**To do**
An exact reprint of every record below is required, with the pictures left out.

**Records for processing**

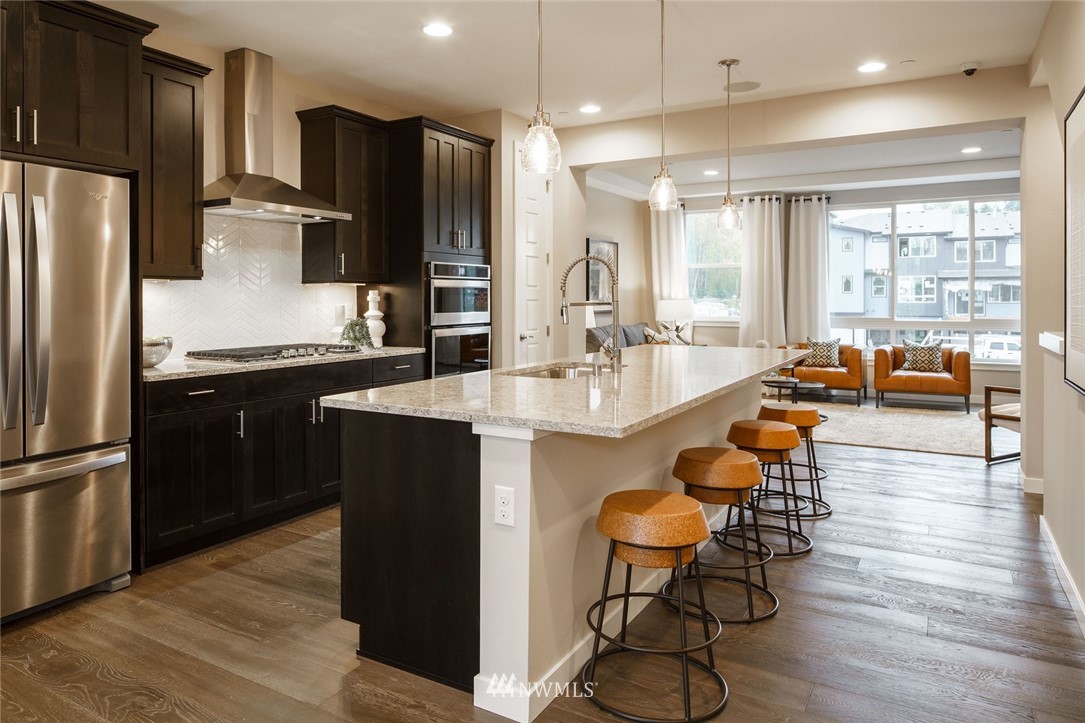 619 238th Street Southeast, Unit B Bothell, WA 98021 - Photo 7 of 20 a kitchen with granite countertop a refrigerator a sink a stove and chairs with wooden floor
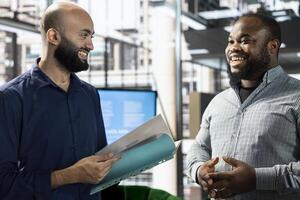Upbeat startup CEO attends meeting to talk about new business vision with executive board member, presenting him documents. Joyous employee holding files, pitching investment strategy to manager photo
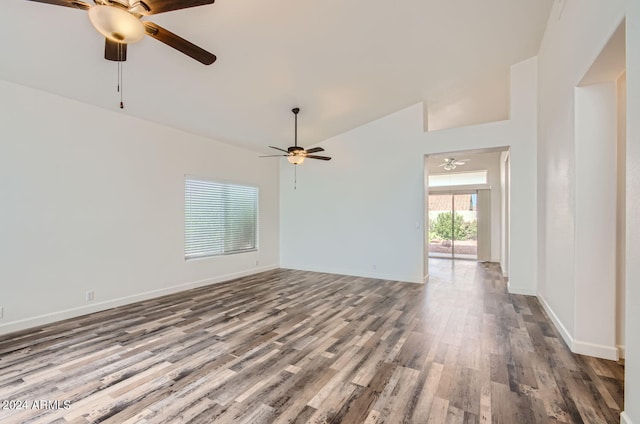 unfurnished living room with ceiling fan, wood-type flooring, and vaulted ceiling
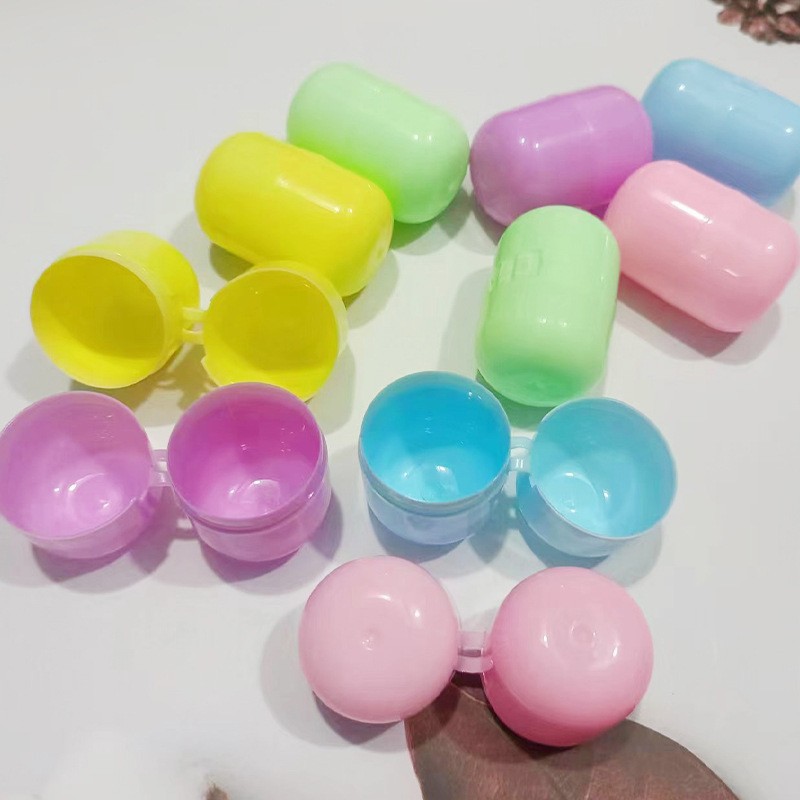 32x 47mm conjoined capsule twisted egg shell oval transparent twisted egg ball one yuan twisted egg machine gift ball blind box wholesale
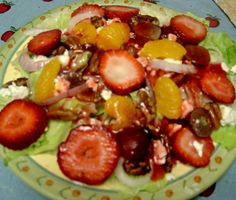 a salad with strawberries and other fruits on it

**Exercise answer**
 619 238th Street Southeast, Unit B Bothell, WA 98021 - Photo 7 of 20 a kitchen with granite countertop a refrigerator a sink a stove and chairs with wooden floor
Upbeat startup CEO attends meeting to talk about new business vision with executive board member, presenting him documents. Joyous employee holding files, pitching investment strategy to manager photo
 unfurnished living room with ceiling fan, wood-type flooring, and vaulted ceiling
 32x 47mm conjoined capsule twisted egg shell oval transparent twisted egg ball one yuan twisted egg machine gift ball blind box wholesale
 a salad with strawberries and other fruits on it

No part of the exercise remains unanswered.